↓
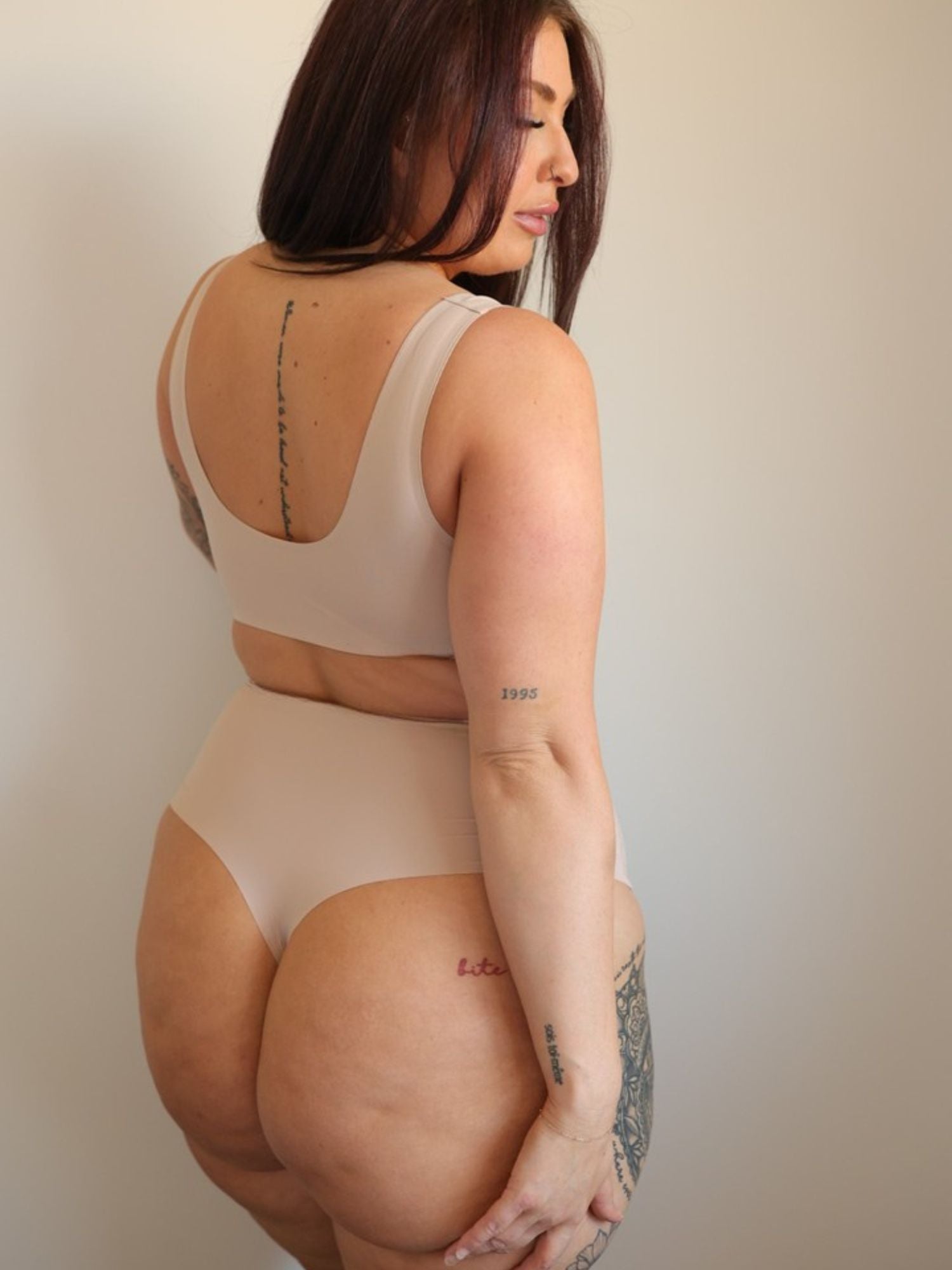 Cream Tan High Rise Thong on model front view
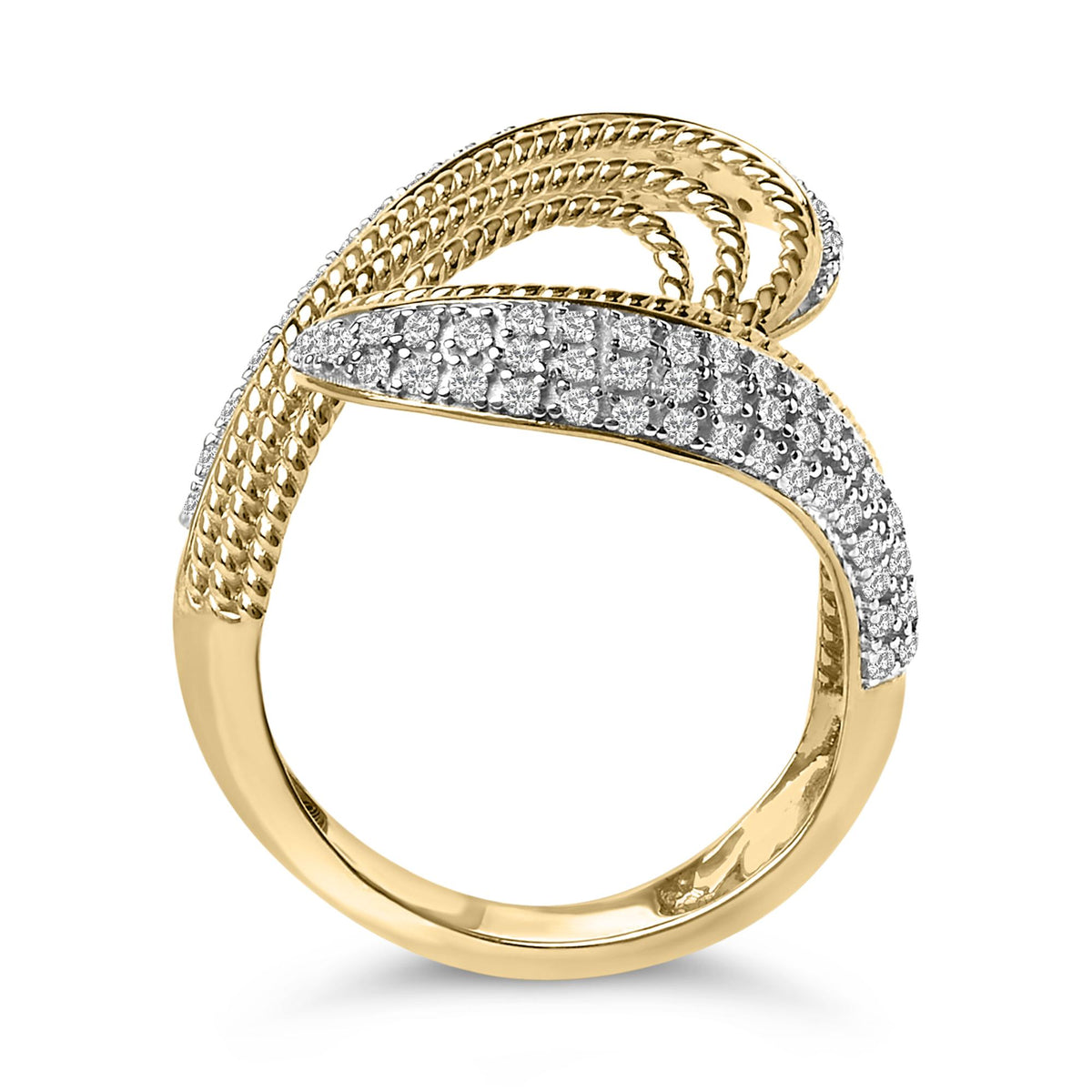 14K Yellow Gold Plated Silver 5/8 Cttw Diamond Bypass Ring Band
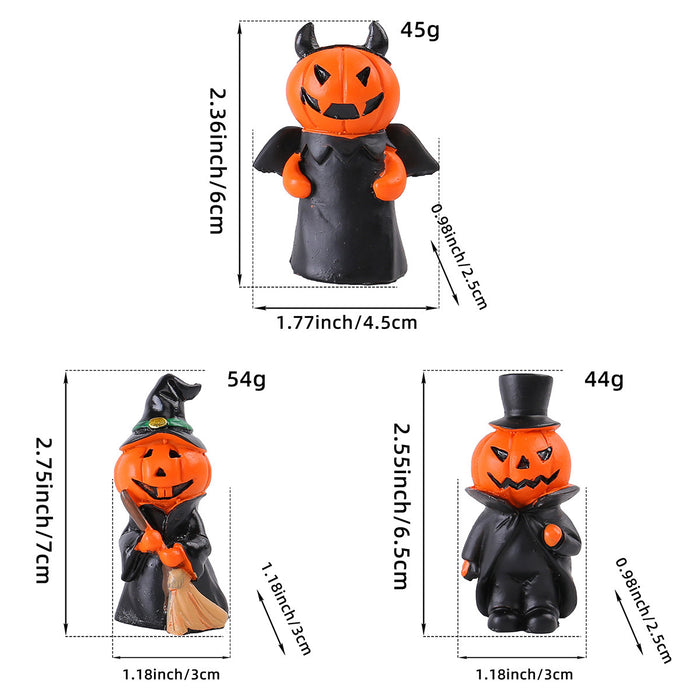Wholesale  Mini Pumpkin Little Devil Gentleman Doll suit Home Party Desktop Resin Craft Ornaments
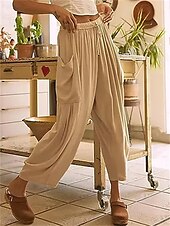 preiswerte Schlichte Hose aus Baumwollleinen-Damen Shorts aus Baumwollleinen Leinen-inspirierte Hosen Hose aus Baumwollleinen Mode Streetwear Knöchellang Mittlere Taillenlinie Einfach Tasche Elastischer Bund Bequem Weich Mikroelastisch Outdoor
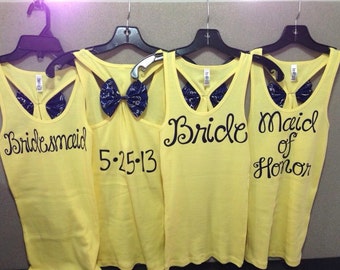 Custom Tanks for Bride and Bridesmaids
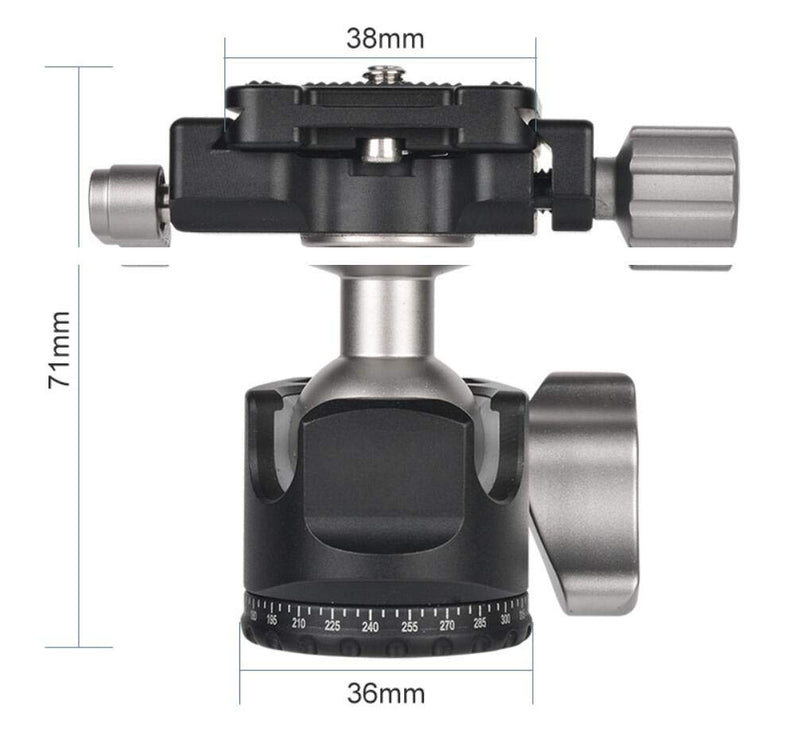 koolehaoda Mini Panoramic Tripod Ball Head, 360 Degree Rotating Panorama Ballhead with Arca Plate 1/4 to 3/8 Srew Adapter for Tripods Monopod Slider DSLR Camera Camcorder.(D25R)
↑
WHAT YOU ARE ASKED TO DO: Exact copy, no pictures. Write out the lines in the entries above, starting with the line with "Resin Craft Ornaments" and going on through the line with "Custom Tanks for Bride and Bridesmaids", keeping both.

OUTPUT BELOW:
Wholesale  Mini Pumpkin Little Devil Gentleman Doll suit Home Party Desktop Resin Craft Ornaments
 preiswerte Schlichte Hose aus Baumwollleinen-Damen Shorts aus Baumwollleinen Leinen-inspirierte Hosen Hose aus Baumwollleinen Mode Streetwear Knöchellang Mittlere Taillenlinie Einfach Tasche Elastischer Bund Bequem Weich Mikroelastisch Outdoor
 Custom Tanks for Bride and Bridesmaids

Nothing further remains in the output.